Problem description: Give the records below again exactly, and exclude each picture.

- - -

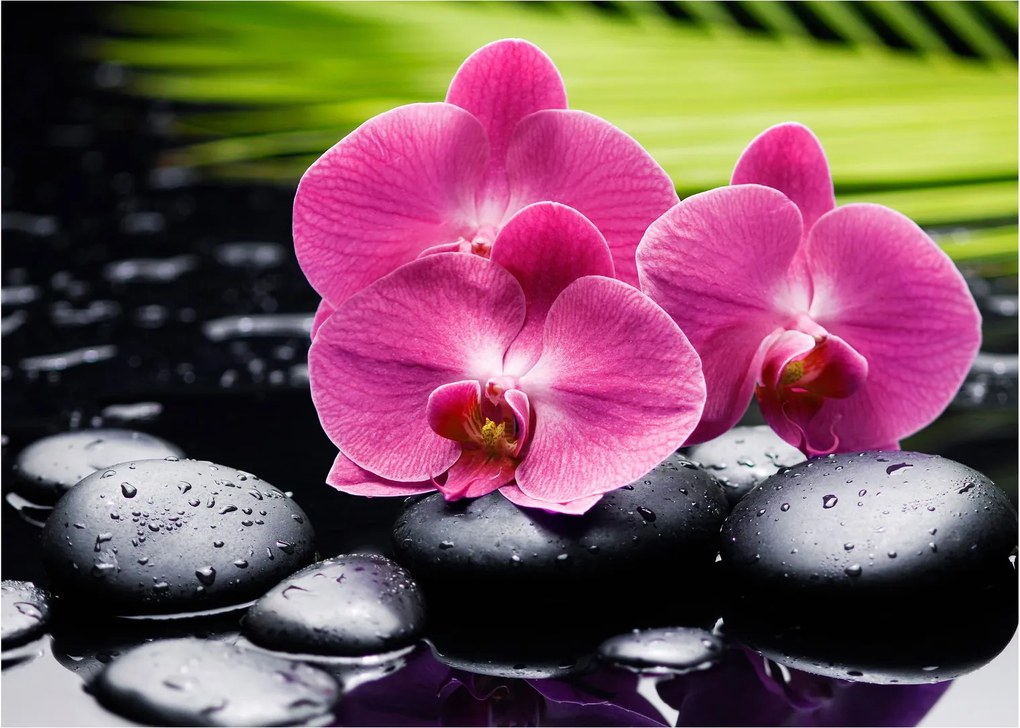 Obraz - Ružové orchidey s palmovým listom (70x50 cm)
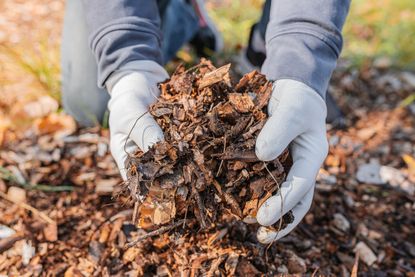 10. Mulch leaves when you mow
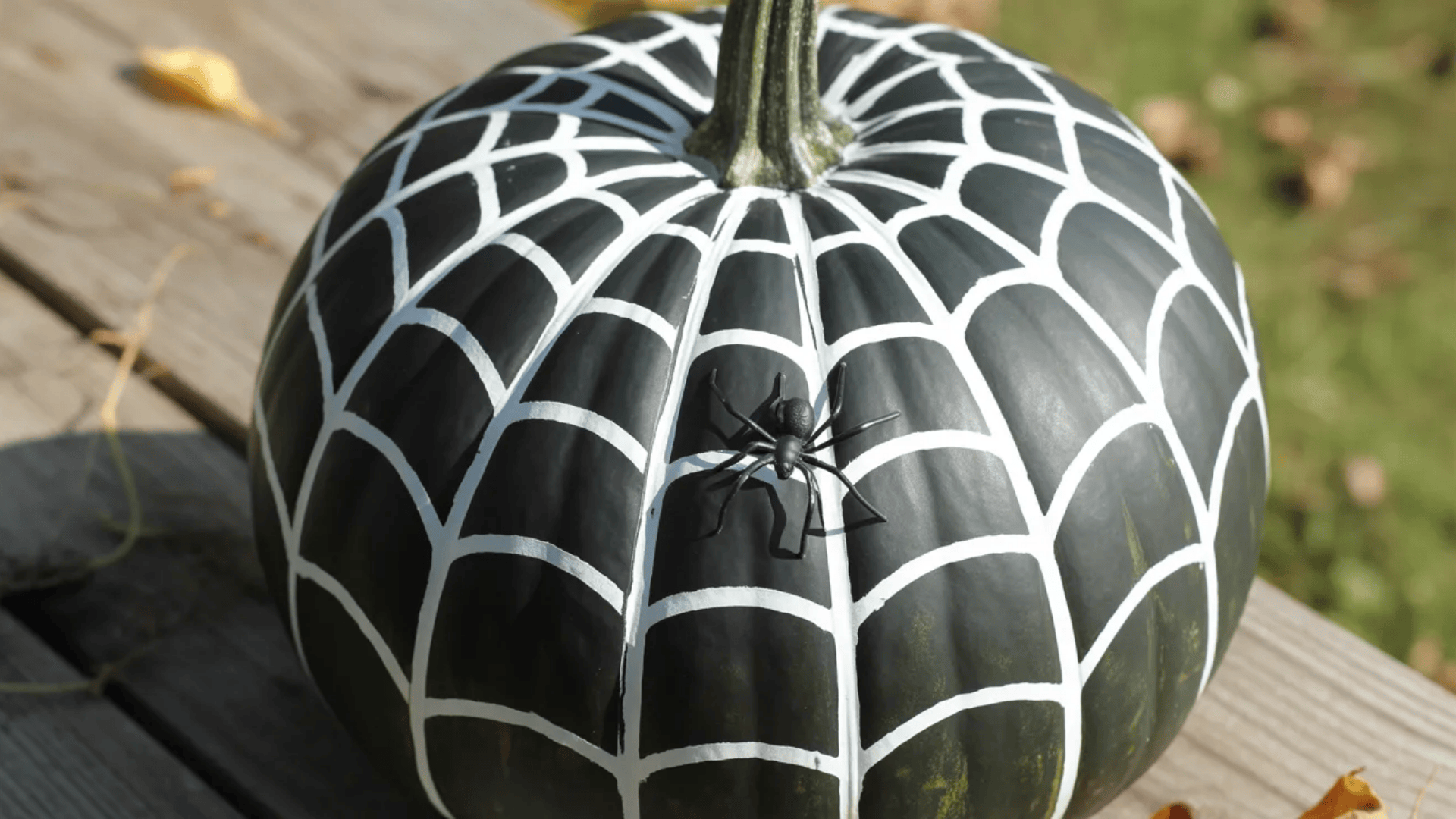 spider-web-pumpkin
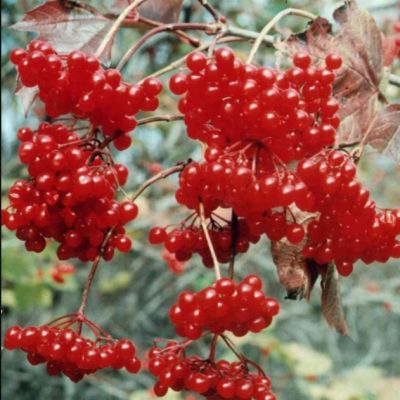 Калина Таежные Рубины Калина Таежные Рубины фото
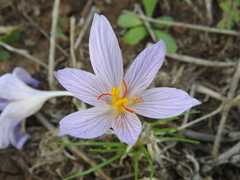 Crocus pallasii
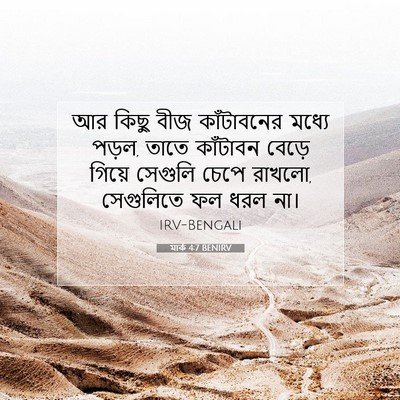 Picture 07 - মার্ক 4:7 BENIRV - আর কিছু বীজ - Bible Verse Picture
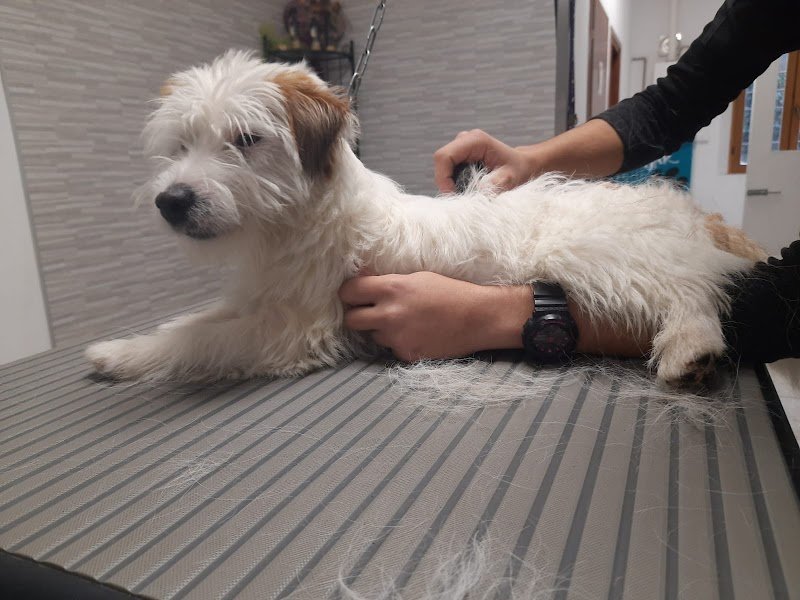 Toelettatura Doggie Maison - Foto 5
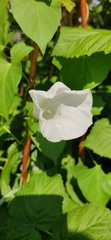 Calystegia sepium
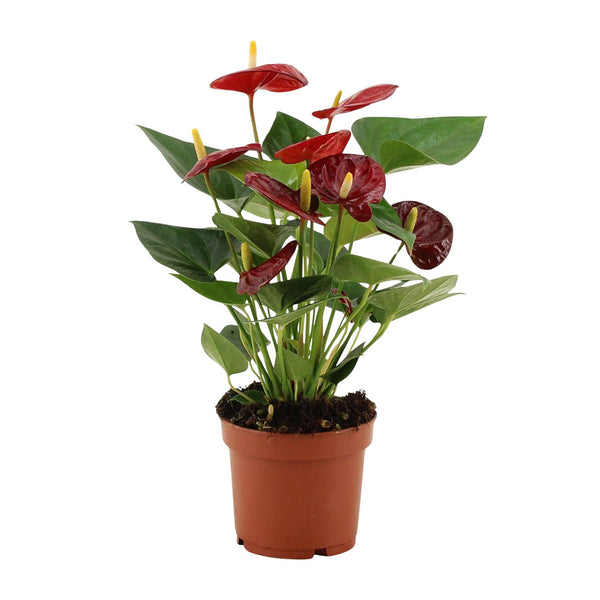 Flamingoblume ‚Calon' – Anthurium andraeanum – Ansicht 2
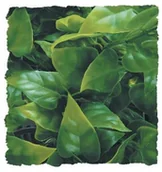 Dekoracje do akwarium - Zoo Med zoomed 40006246 cannabis, M 976121 - miniaturka - grafika 1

- - -

Expected output:
 Obraz - Ružové orchidey s palmovým listom (70x50 cm)
 10. Mulch leaves when you mow
 spider-web-pumpkin
 Калина Таежные Рубины Калина Таежные Рубины фото
 Crocus pallasii
 Picture 07 - মার্ক 4:7 BENIRV - আর কিছু বীজ - Bible Verse Picture
 Toelettatura Doggie Maison - Foto 5
 Calystegia sepium
 Flamingoblume ‚Calon' – Anthurium andraeanum – Ansicht 2
 Dekoracje do akwarium - Zoo Med zoomed 40006246 cannabis, M 976121 - miniaturka - grafika 1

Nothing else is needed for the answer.